Table of Contents
This post is about reviewing Pull Requests (PRs) on a software engineering team, often submitted in a source code system like Github. It’s meant to be a concise guide.
Goals of a PR Review
- Catch issues in the code that the submitter may have missed
- Offer advice in making the code submission better
- Complete any team-specific PR review required steps
For many PRs, you don’t need to be an expert in the stack or programming language that is used in the PR.
The time it takes to review a PR is directly related to how long the PR took to create and how many changes it includes. You should expect to spend more time reviewing a large PR than a small PR.
Required Steps When Reviewing
The steps below apply to PRs with changes to code. If it’s a non-code PR (e.g. a wiki update), the reviewer should just check for typos and that the changes make sense to them.
- Confirm that the PR description contains at least 1-2 items describing the changes being made and the reason for those changes.
- If there aren’t automated tests, confirm that the PR description contains at least 1-2 items describing how the changes were tested.
- Check each changed file for potential bugs that the submitter may have missed.
- Check to see if _the code is readable_.
- Check for typos in the comments and readmes.
- If you’re not proficient with the programming language or framework used, make a note of that in your review.
- For example, “I'm a beginner when it comes to JavaScript. This PR looks good to me, but if you have any doubts about your code or would like a more in-depth review, please consider requesting a second review in ___ channel.”

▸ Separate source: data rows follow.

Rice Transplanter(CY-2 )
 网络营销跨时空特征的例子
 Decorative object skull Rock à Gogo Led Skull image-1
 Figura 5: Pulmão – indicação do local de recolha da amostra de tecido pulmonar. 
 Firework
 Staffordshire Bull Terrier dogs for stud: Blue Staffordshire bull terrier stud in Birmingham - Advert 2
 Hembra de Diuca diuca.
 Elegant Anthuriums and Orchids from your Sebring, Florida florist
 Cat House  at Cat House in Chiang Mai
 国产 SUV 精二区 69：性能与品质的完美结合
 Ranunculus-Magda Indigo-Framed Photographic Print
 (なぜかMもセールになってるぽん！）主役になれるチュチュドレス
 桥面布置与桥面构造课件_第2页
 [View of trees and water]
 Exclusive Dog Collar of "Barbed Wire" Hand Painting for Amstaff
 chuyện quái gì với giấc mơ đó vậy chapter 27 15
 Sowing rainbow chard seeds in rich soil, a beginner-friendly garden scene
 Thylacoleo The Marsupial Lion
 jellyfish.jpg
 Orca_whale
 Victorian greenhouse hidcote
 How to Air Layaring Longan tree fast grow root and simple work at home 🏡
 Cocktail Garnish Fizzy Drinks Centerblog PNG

- You don't have to be an expert in the system which the PR is changing, but you should have a basic understanding of what's going on. If you have absolutely no clue, it's best to either loop in someone who does, suggest that the submitter bump their request for a review, or ask for a review in another channel.
Recommended Steps When Reviewing
- If there are any parts that are particularly difficult to understand, consider suggesting that the submitter refactor or add a comment.
Example
🎉 Lgtm!
My gitlab CI configuration experience level: beginner.
I did not see any obvious errors, everything looks readable and elegant.
If at all possible, try to make future PRs smaller. If not possible, please note that in the PR description.
- If many files are being renamed, I suggest making a separate PR just for the renaming.
- There were also formatting/lint updates in this PR. In the future, I suggest a separate PR or including automatic changes like that in a separate renaming PR.
ci/scripts/pipelines.py
- Is it possible to move the configuration constants (e.g. ROLE_PREFIX) to a config file or AWS systems manager? If yes, no need to change this PR, but please consider for a future PR.
It looks like there are some major changes to the gitlab pipeline in this PR. I reviewed the testing methodology, and it looks pretty good, but due to the size of this PR, please take a second look at the tests you did to make sure these changes wont break anything before merging the PR.
Great work 🔥. Thank you for making these gitlab CI improvements!